Several law firms wrote an extremely fierce letter to the deans of law departments at prominent universities warning them, in naturally cautious legal language, that if they did not voice an unequivocal stance against antisemitism, the law firms would consider very carefully whether or not to employ their graduates. Ken Griffin was more categorical. Asked if his hedge fund Citadel would hire the head of a student group that signed the Harvard letter, his answer was an unequivocal no. “Unforgivable,” he said.[14] Since then, Ken Griffin has now paused all donations to Harvard over how it handled antisemitism on campus, saying that his alma mater is now educating a bunch of “whiny snowflakes.”[15]
When the volunteers volunteered away
For every Ken Griffin, Harvard also relies on thousands of fundraising volunteers, who “cultivate smaller financial commitments, organize reunions, recruit students and run alumni clubs far from the Cambridge, Massachusetts, campus. Post-October 7th, the volunteers dithered.
“I will not be calling any of my classmates to try to encourage them to donate to Harvard,” said Tally Zingher, 46, a lawyer and entrepreneur who has earned three degrees at Harvard University and served as a workhorse volunteer, calling friends and raising money from her undergraduate class, every year since graduating. “There are plenty of better places that I feel my classmates can use their philanthropy and influence.”
Longtime volunteer fundraisers are now pulling back. Larry Carson, 52, a former president of the Harvard Club of St Louis, is working to remove Harvard as a beneficiary of the estate plan he made more than two decades ago
Longtime volunteer fundraisers are now pulling back. Larry Carson, 52, a former president of the Harvard Club of St Louis, is working to remove Harvard as a beneficiary of the estate plan he made more than two decades ago.
When another alum, Adrian Ashkenazy, received an email in October from a San Fernando Valley alumni interviewing team asking him to commit to meeting with prospective students, he declined. “I replied immediately that I wasn’t going to be able to do these interviews because I had a difficult time encouraging anybody to go to Harvard at the moment, given the moral failures that I was seeing from the students and the administrators,” said Ashkenazy, 49, a co-founder of the new Harvard College Jewish Alumni Association, which led the switch to $1 donations as a way to send a message. Zingher, too, is planning to give just $1, joining hundreds of other former students in a symbolic protest.[16]

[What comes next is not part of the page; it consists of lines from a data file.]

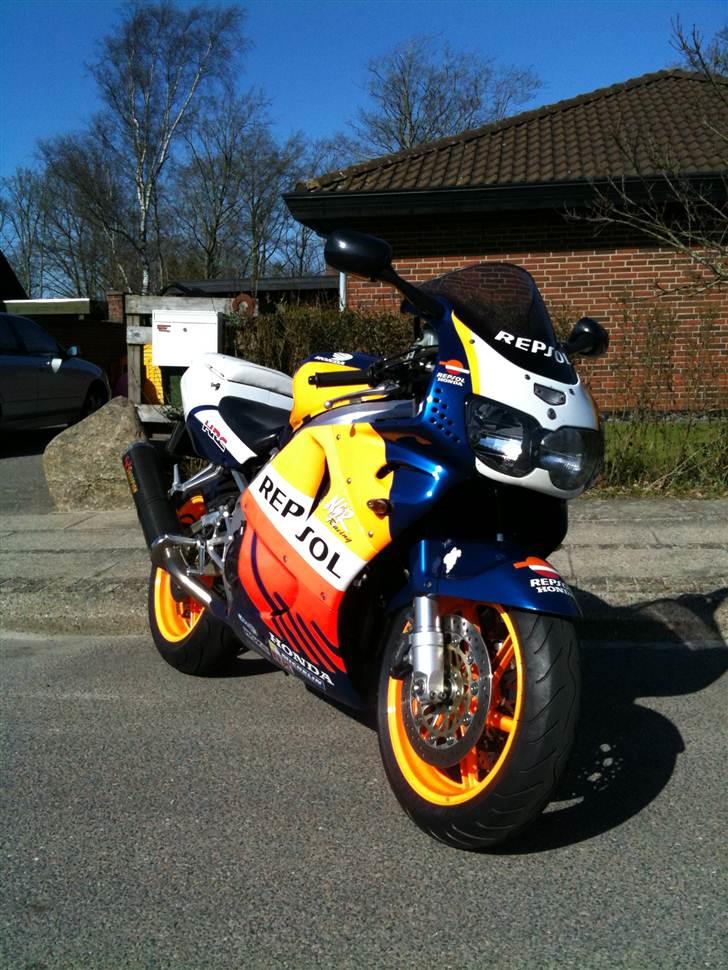 Honda cbr 900 repsol solgt  billede 2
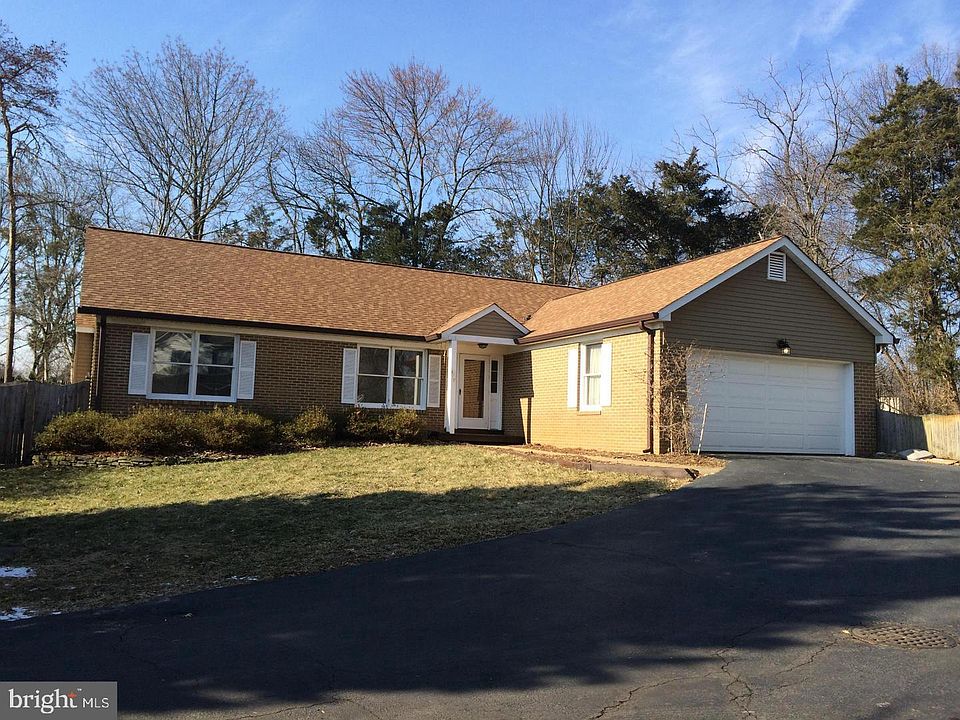 1st image of 498 Woodshire Ln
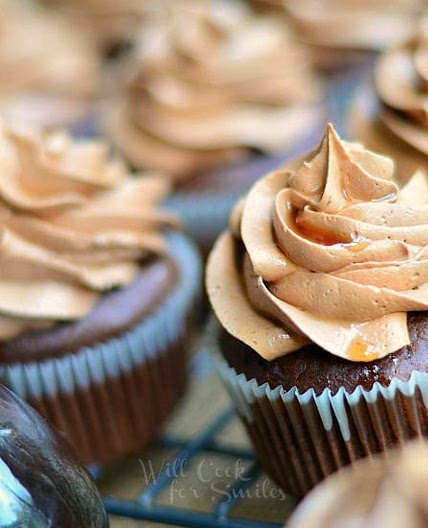 Bourbon Chocolate Cupcakes with Chocolate Buttercream Frosting and Bourbon Glaze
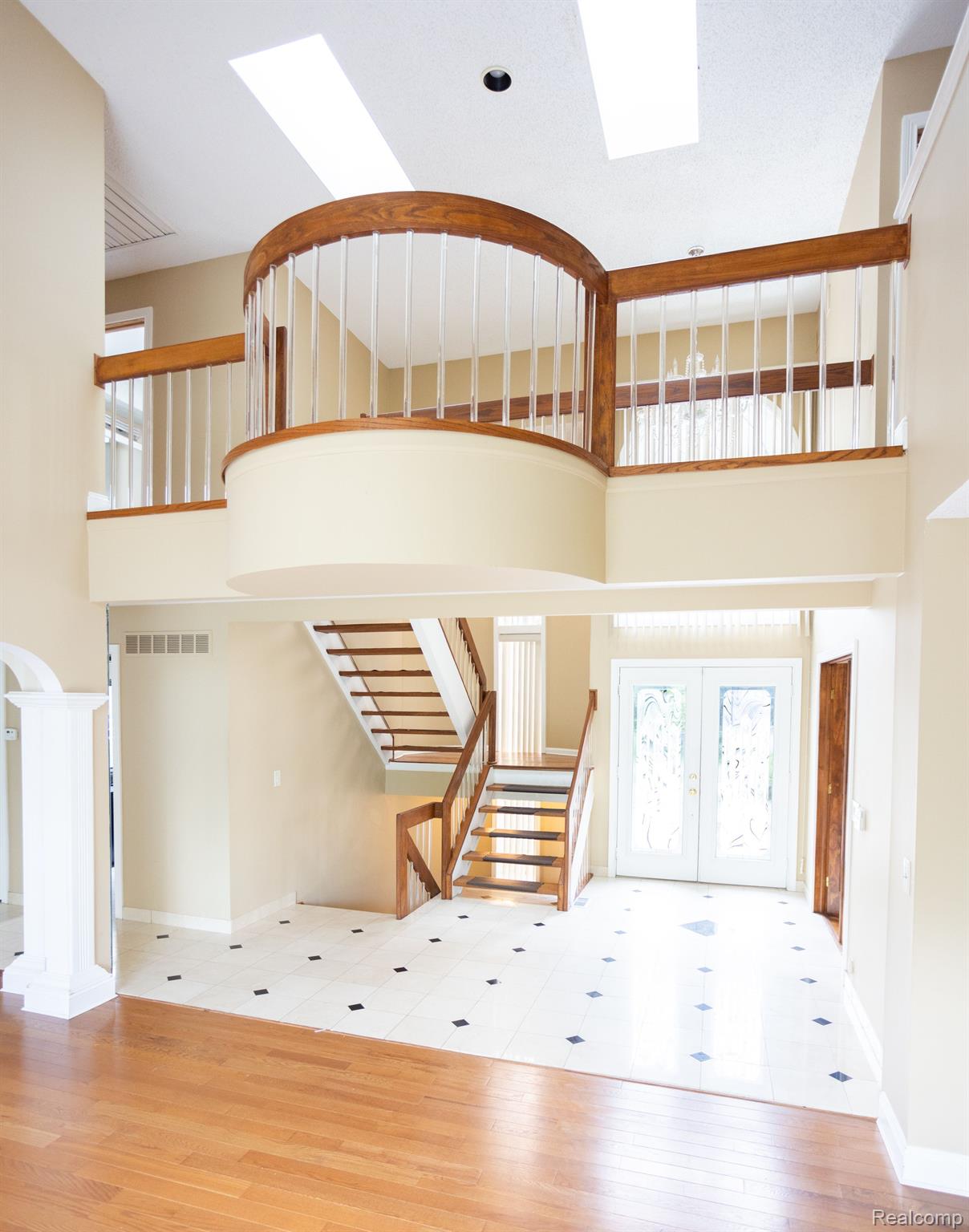 5881 Naneva Property Photo 6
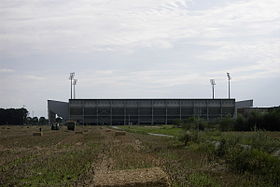 Stadion Sittard Rapsstroh pressen.JPG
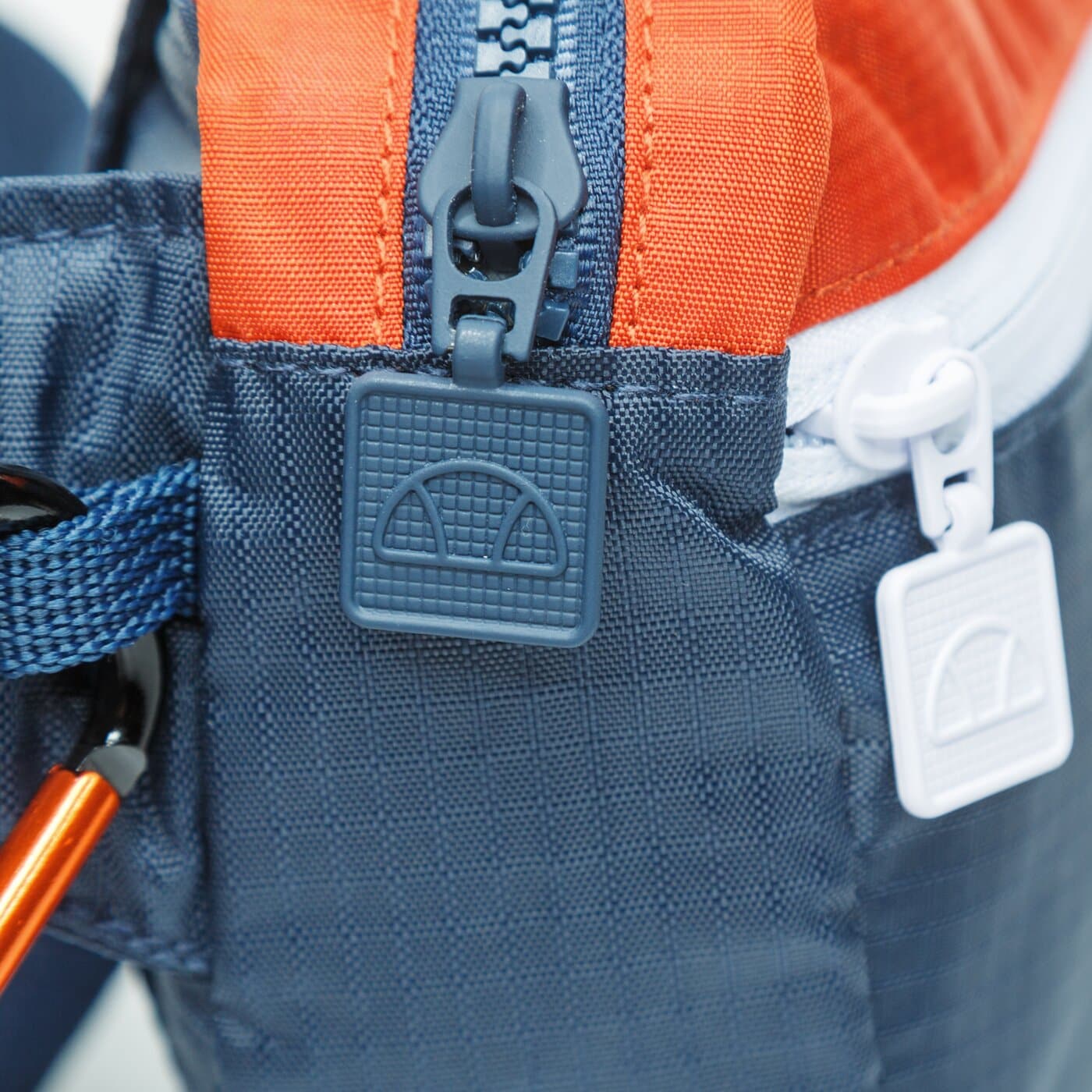 Damska nerka / saszetka ELLESSE TORBA LONGA BUM BAG NAVY saia1826429 kolor granatowy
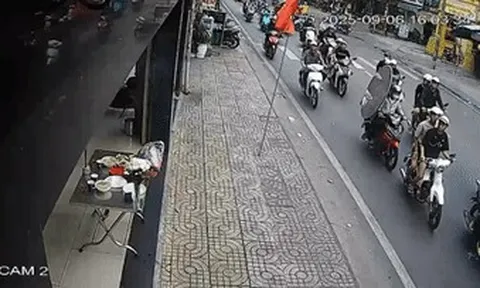 Bắt khẩn cấp ba nam thanh niên 17-18 tuổi chuyên giật bàn bày đồ cúng ở TPHCM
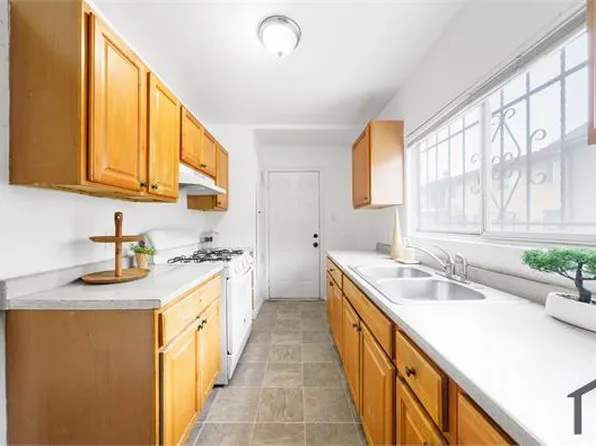 636 W 81st St, Los Angeles, CA 90044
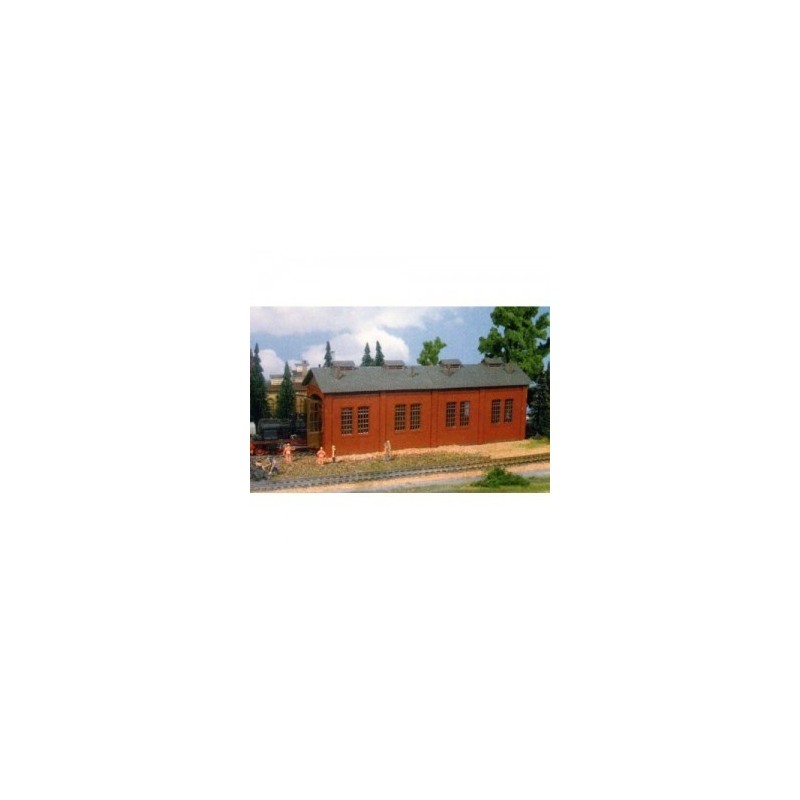 Lokomotywownia jednotorowa, skala 1:87, czerwona, dach szary, detale architektoniczne.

Around 1,600 Harvard alumni have threatened to cut donations over the college’s handling of antisemitism. “We never thought we would have to argue for recognition of our own humanity,” they wrote.[17]
Clearly, Harvard is battling a huge perception problem here, as its well-oiled funding machinery is thrown out of gear. Such has been the discomfort that the business school has postponed sending out some solicitation letters signed by alumni until next year, according to people familiar with the matter.[18] This is a huge sign that the donor and alumni counterpunch has hit Harvard, where it hurts the most. According to Moody’s Investors Service, total fundraising is about 12% of Harvard’s annual revenue. Harvard would suffer big time if alumni dissatisfaction led to a meaningful dent in donations.
Way forward
Barak Sella, a student of Public Administration at the Harvard Kennedy School, told ‘America, Baby!’ in a podcast interview that Israel and World Jewry need to stop thinking like a small, separate country and a small, weak nation. “We need to get into seriously strategic gear. We must demand profound changes to change academia, establish our own institutions, and raise money from the right places, as well as strengthen Israeli academia.”[19]
But is creating alternative programs and new choices the only option to stem the rot that has plagued Harvard & Co? Kenneth Stern, director of the Bard Center for the Study of Hate, believes this is time to invest more in the campuses. “If we’re truly concerned about what’s happening on campus, there are creative ways to address it. I’d like to see more effort spent on how to build campuses that have a better understanding of human hatred,” he said. Universities should hew more closely to the 1967 University of Chicago’s Kalven report and strive to remain neutral on political and social matters, says Stern.[20]
…the ouster of Ms Claudine Gay is just a start in the long, drawn-out process of reforming the mess in American academia.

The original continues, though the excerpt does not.